Nous exigeons que la protestation sociale et la pensée critique ne soient plus criminalisées. En effet, il y a actuellement plus de 9.500 prisonniers politiques et sociaux dans les prisons colombiennes et dans les prisons d’autres pays. Nous demandons d’ailleurs la remise en liberté immédiate de ces prisonniers. Le 18 décembre, nous avons fait parvenir un dossier au Bureau des Nations Unies à Genève (Suisse) pour qu’il en soit question lors des pourparlers de paix à La Havane ainsi qu’à toutes les organisations et organismes accompagnant les pourparlers de paix, tant en Colombie qu’au niveau international.
Le livre récemment publié « Présent et futur de la Colombie » est un travail de reconstruction de la mémoire historique à travers l’exemple et le parcours de votre père. L’oeuvre collective dispose d’une préface de Piedad Cordoba et d’importants témoignages et analyses d’auteurs tels que François Houtart, Nestor Kohan, Maurice Lemoine...Quelle est d’après vous la principale contribution de cet ouvrage au développement d’une culture de la Paix ?

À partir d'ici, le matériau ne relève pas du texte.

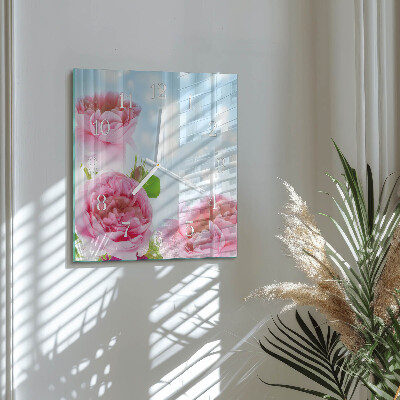 Square wall clock Peonies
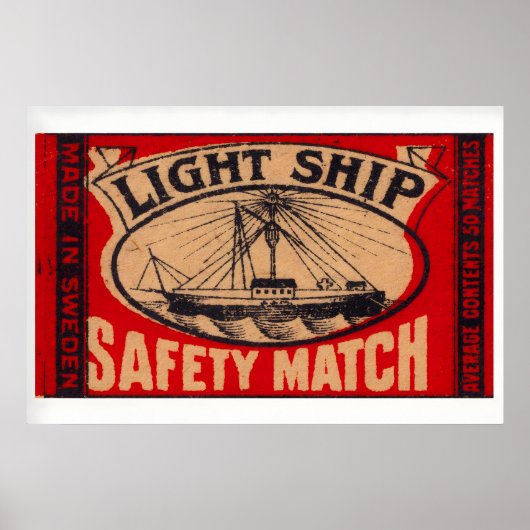 Light Ship - Matchbox Print - Sweden Wall Art (Voorkant)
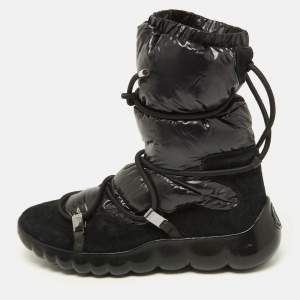 Moncler Black Fabric and Suede Lace Up Ankle Boots Size 40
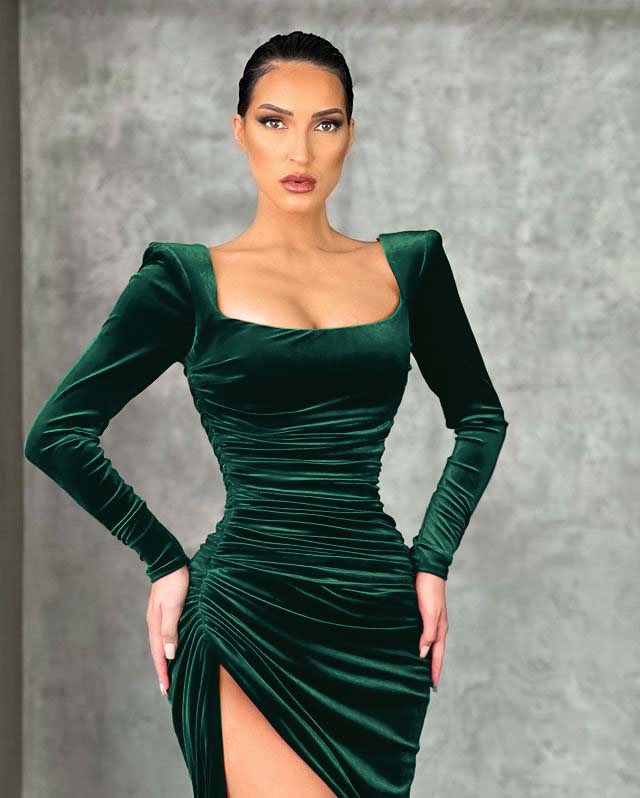 Mermaid Burgundy Long Sleeves Square Neck Prom Dress With High Split BMBRIDE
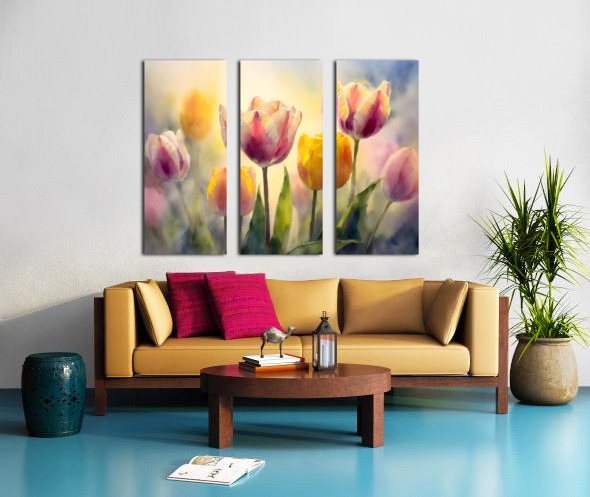 Luminous Tulips Split Canvas print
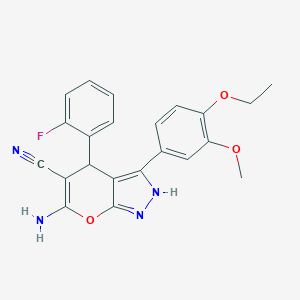 molecular formula C22H19FN4O3 B395220 6-Amino-3-(4-ethoxy-3-methoxyphenyl)-4-(2-fluorophenyl)-1,4-dihydropyrano[2,3-c]pyrazole-5-carbonitrile 
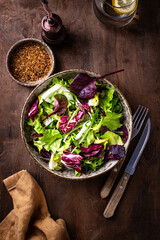 Bowl of fresh green salad mix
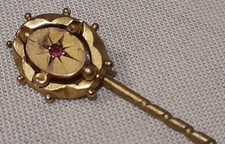 ***Antique Victorian 9ct Yellow Gold 'RUBY' Tie/Lapel/Hat Pin in Gift Box***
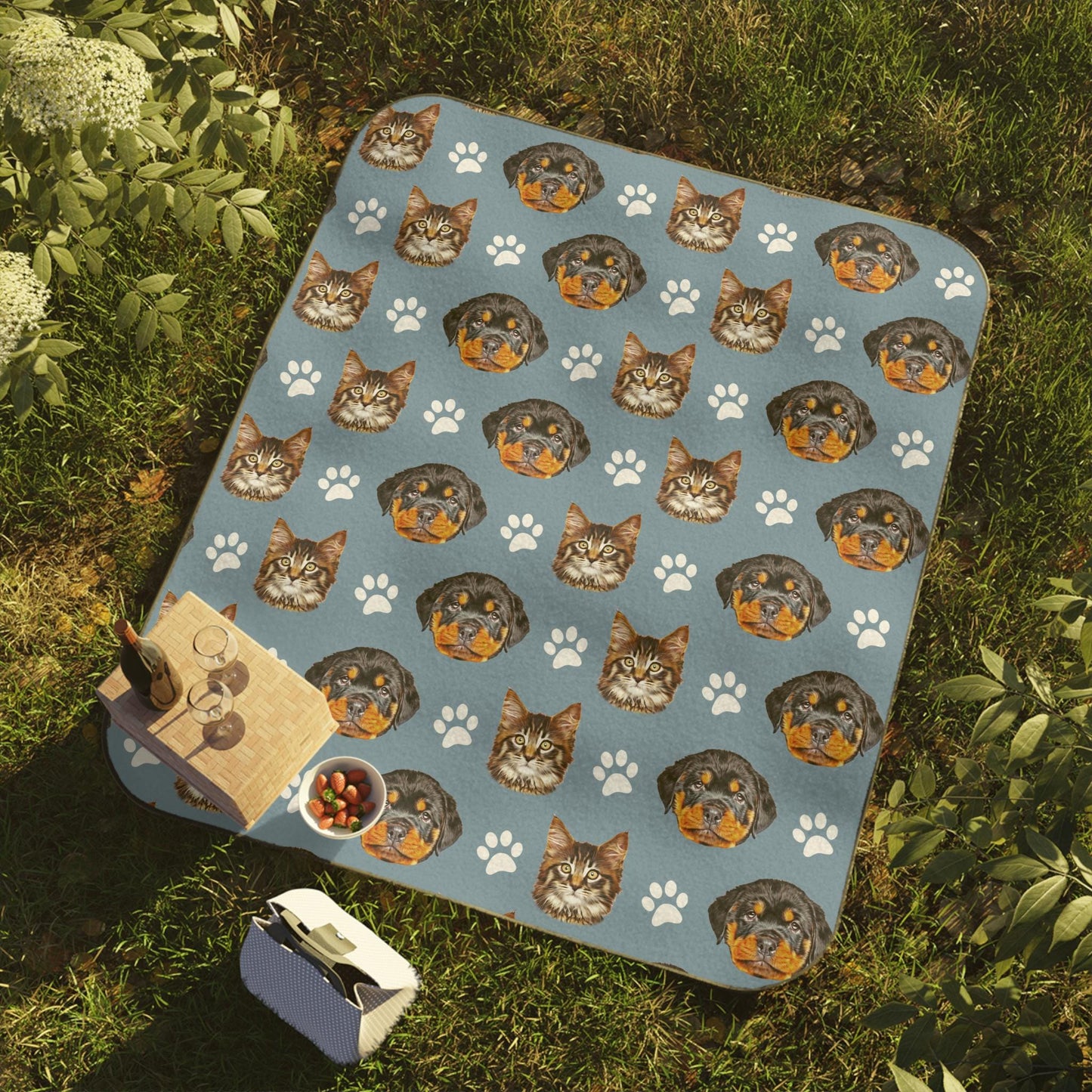Custom pet picnic blanket,  Personalized dog picnic blanket with strap, Waterproof picnic blanket, Dog Lover gift, Outdoor Camping Mat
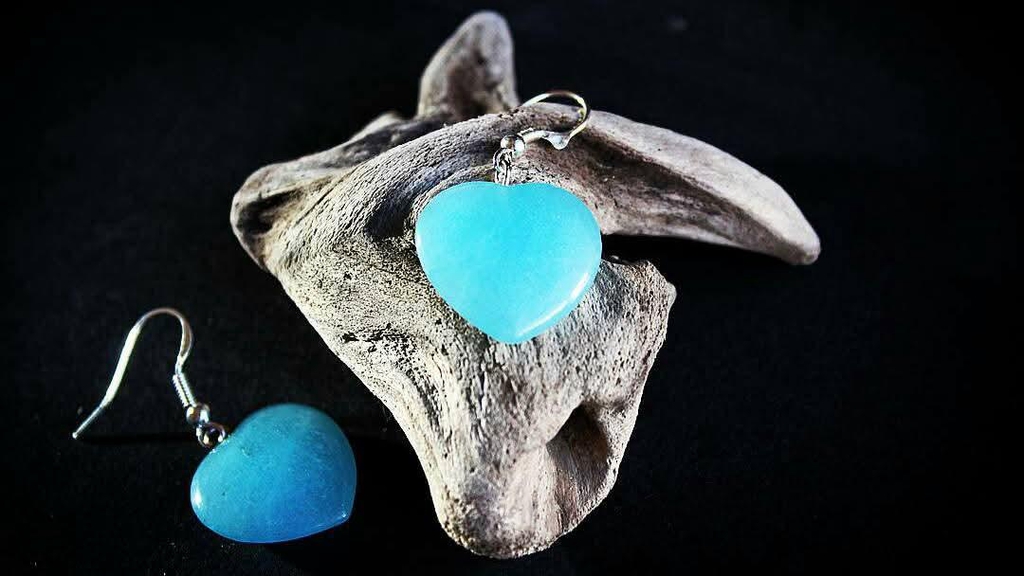Aquamarine heart earrings semiprecious sterling silver hooks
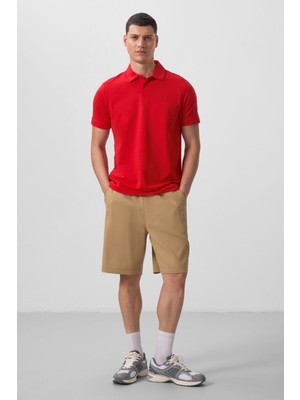 Tommy Life Koyu Bej Standart Fit Dokuma Hafif Esnek Chino Erkek Şort - 81290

Je profite de l’occasion pour saluer et remercier tous les auteurs qui ont participé dans l’élaboration du livre. Cet ouvrage reconstruit la Mémoire Historique à partir des exemples de la criminalisation, le harcèlement et le meurtre de personnes liées à l’Université del Atlántico dans la Région de la Caraïbe colombienne. En effet, en soulignant le point numéro 5 des pourparlers de paix, qui aborde la question des victimes, nous voulions favoriser le débat autour de la création d’une Commission d’étude sur les cas des professeurs et des syndicalistes assassinés en Colombie. D’ailleurs, il faut savoir qu’il n’existe pas de limite de temps pour la reconstruction de la mémoire historique. Dix ans se sont passés depuis l’assassinat de mon père, dix ans de silence de l’État, dix ans d’activité politique. Ce que mon père préférait avant tout, c’était de forger des outils pour que ses disciples prennent en main les justes luttes de notre peuple colombien.

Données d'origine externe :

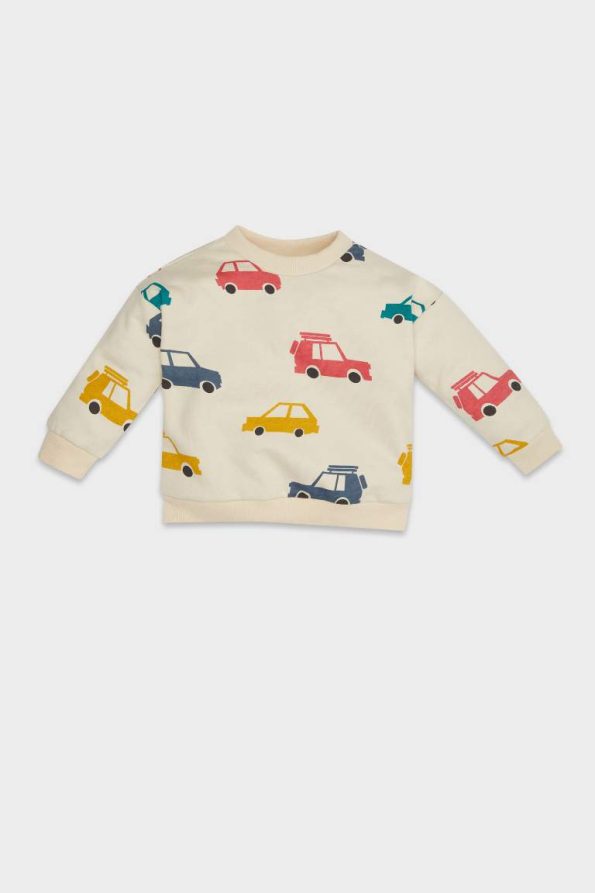 Boys' Soft Fleece Lined Bicycle Neck Printed Sweatshirt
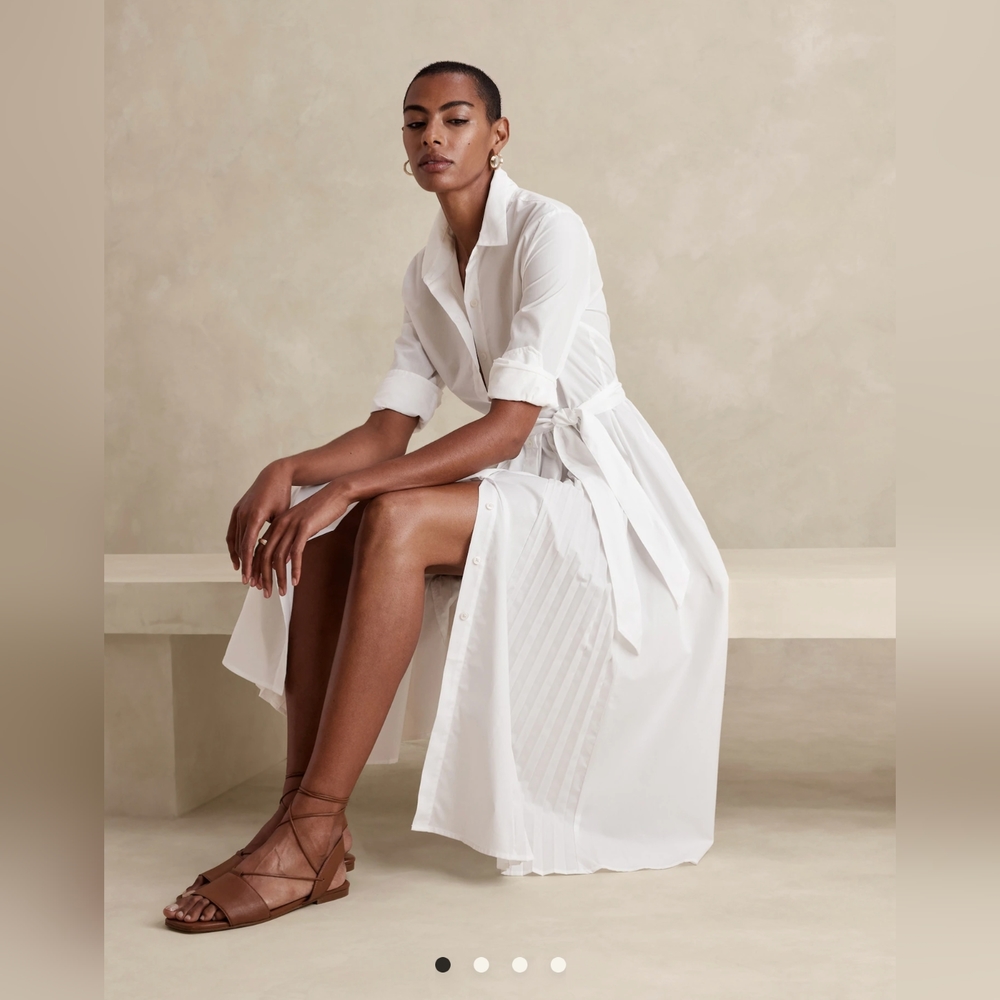 Banana Republic Pleated Midi Shirtdress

Lors d’une présentation du livre, vous avez participé à une table ronde avec le Professeur Miguel Angel Beltran. Et justement, ces jours-ci, un communiqué a été rendu public qui dénonce l’emprisonnement du professeur Beltran pour des raisons politiques et exige sa libération. En tant qu’ami personnel du Professeur Beltran, pouvez-vous décrire la situation particulière qu’il a vécue ces dernières années ?
Mon cher collègue le professeur Beltrán souffre de la persécution la plus horrible que puisse exercer l’État colombien contre un académicien. Il a créé une chaire qui nous aide tous et toutes à réfléchir sur le type de pays que nous voulons et sur le type d’histoire que nous avons vécue en Colombie. Le professeur Beltrán est victime d’un montage judiciaire, il a été victime de destitution administrative à l’Université Nationale. La seule chose que je peux vous dire c’est qu’ils ne le feront jamais taire. Le silence n’est pas une alternative ! La vie du professeur Beltrán est en danger. Nous demandons que la solidarité internationale se manifeste contre ce montage judiciaire car, tandis que le gouvernement parle de paix, l’Etat veut l’éliminer et porter un coup mortel à tous ceux et celles qui contribuent depuis l’académie à la solution politique du conflit social et armé en Colombie ou donner un coup mortel à tous ceux qui, depuis l’académie, proposent, analysent et veulent contribuer à la Solution politique du conflit social et armé qui règne en Colombie. La Pensée Critique en Colombie est en danger !
Jorge Fleytter Florian est chercheur et président de l’Association Jorge Adolfo Freytter Romero, qui développe un important travail de recherche sur la violence politique en Amérique latine.